The 17th Michigan, numbering about 500 strong, occupied the right side of the Old Sharpsburg Road as it began its ascent of the mountain towards Fox's Gap, while Welsh's brigade was positioned to the left of the road. After sustaining casualties caused by punishing artillery fire from front and flank, the Michigan men moved back and forth across the road. Finally, they were ordered to move forward. After sweeping aide Confederate skirmishers and silencing the artillery in their front, the 17th found themselves on the flank and rear of part of Drayton's Georgia and South Carolina brigade. Using the protection of a stone wall, the 17th Michigan fired devastating, well aimed shots into the front, flank, and rear of the unsuspecting confederate soldiers. Their fire inflicted immense casualties, stacking bodies like cordwood in the roadbeds at the summit of the gap.

In a matter of minutes, the 17th, along with troops from Welsh's Brigade and remnants of the Kanawha Division, inflicted about 650 casualties on the 1300 men of Dayton's Brigade - a loss of 50%. One of Drayton's men who lay dead at Fox's Gap was Lt. Col. George S. James of the 3rd South Carolina Battalion. James is credited with firing the signal shot that began the bombardment of Fort Sumter in April of 1861.
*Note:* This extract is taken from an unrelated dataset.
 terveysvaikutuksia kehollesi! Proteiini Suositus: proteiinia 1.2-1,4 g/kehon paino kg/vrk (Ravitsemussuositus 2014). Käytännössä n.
The 17th Michigan, only a few short weeks from the training camps of their home state, found themselves on an unfamiliar Western Maryland mountaintop amidst some of the most horrific combat of the war. The fighting produced approximately 100 casualties within the ranks of the Michiganders, but their firmness in line and coolness in battle earned them the nickname of "Stonewall Regiment". Just three day later, the 17th Michigan would again find themselves in heated combat on the rolling hills above Antietam Creek.